-- Exercise aim --
Set every line of the data down again exactly, and keep the pictures out.

-- Given information --
* * * *

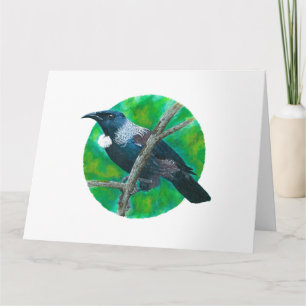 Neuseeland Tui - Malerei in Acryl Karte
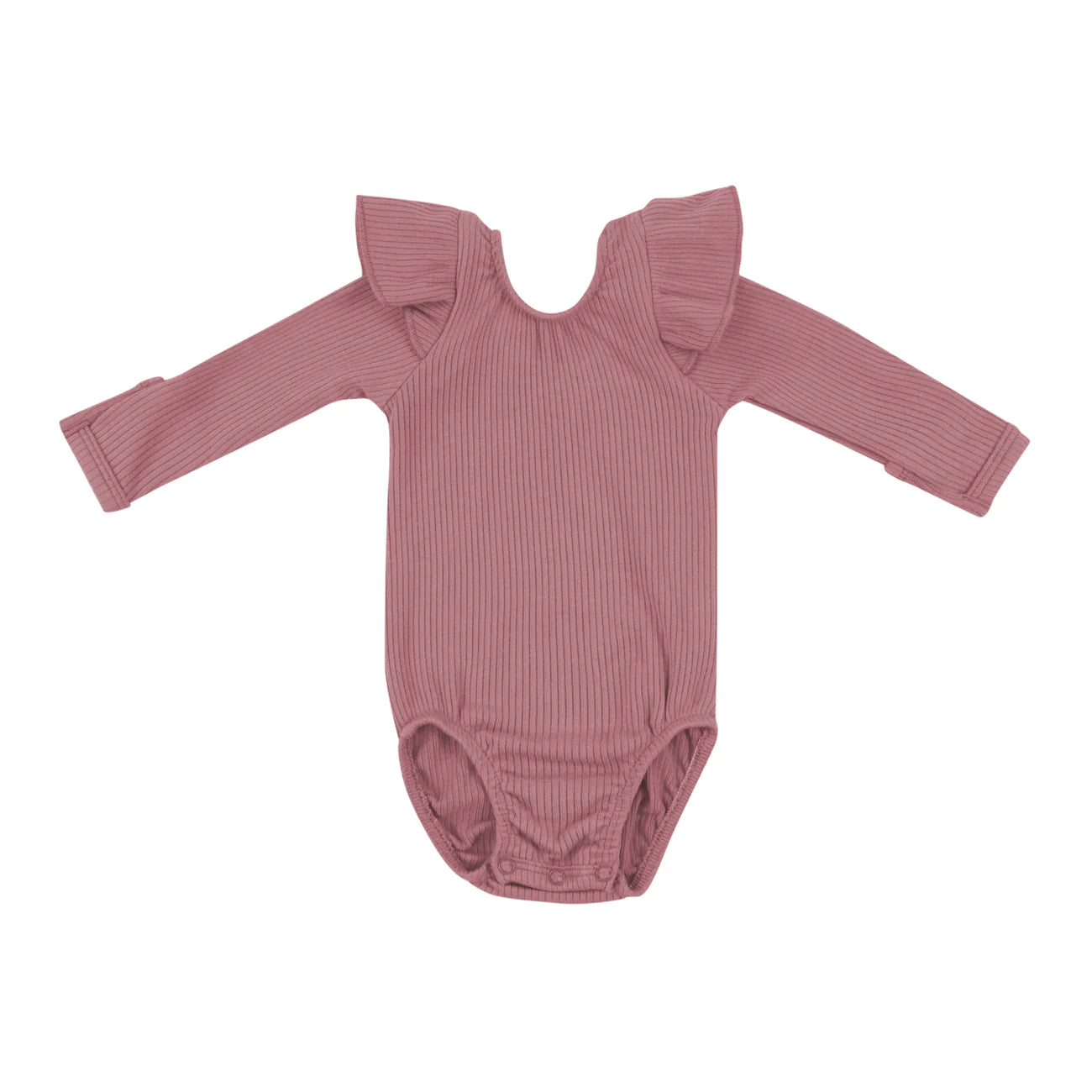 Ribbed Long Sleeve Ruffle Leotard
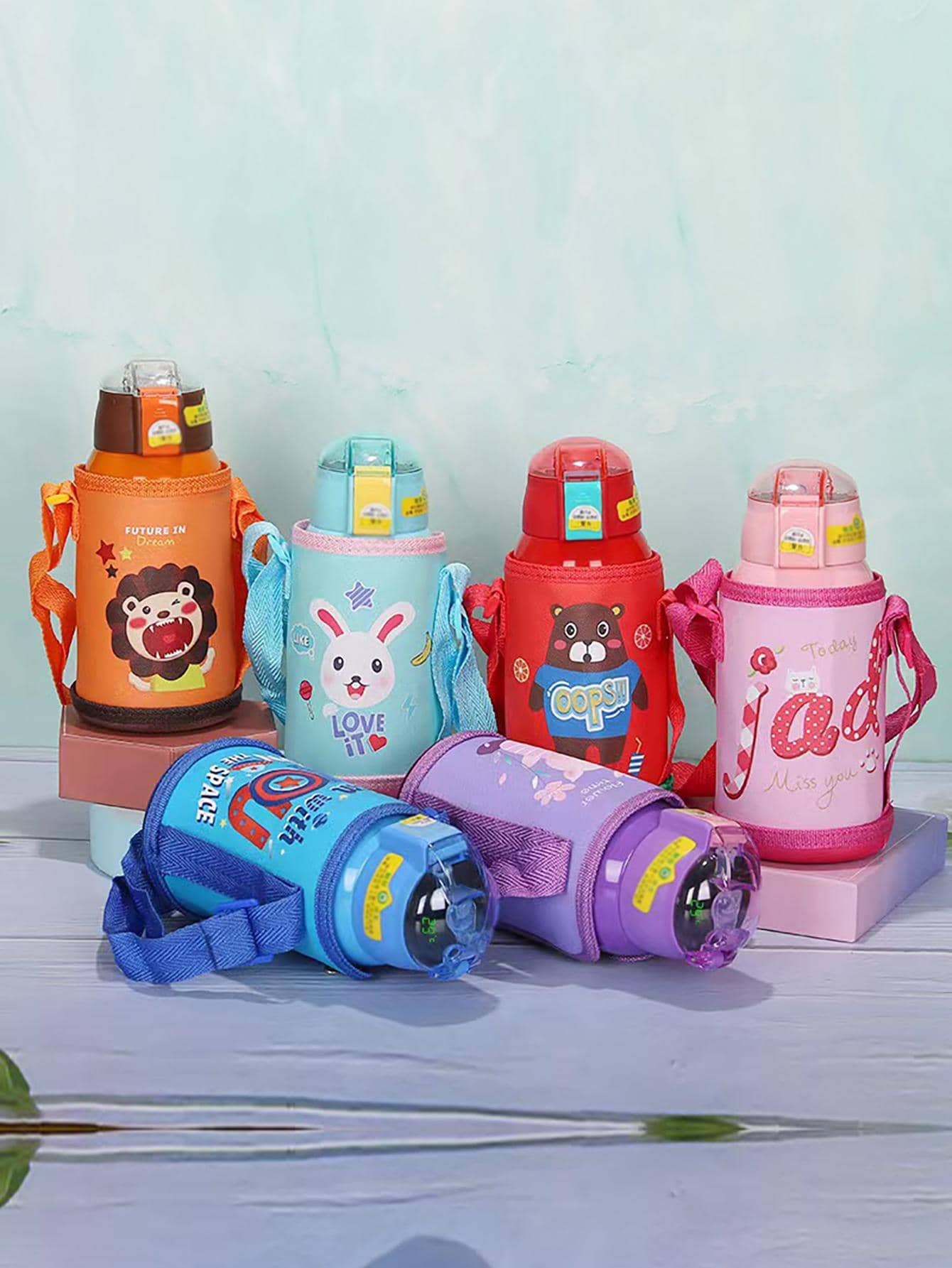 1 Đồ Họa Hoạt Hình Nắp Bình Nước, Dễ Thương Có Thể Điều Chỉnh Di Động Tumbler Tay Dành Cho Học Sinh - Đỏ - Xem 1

* * * *

-- Completed exercise --
 Neuseeland Tui - Malerei in Acryl Karte
 Ribbed Long Sleeve Ruffle Leotard
 1 Đồ Họa Hoạt Hình Nắp Bình Nước, Dễ Thương Có Thể Điều Chỉnh Di Động Tumbler Tay Dành Cho Học Sinh - Đỏ - Xem 1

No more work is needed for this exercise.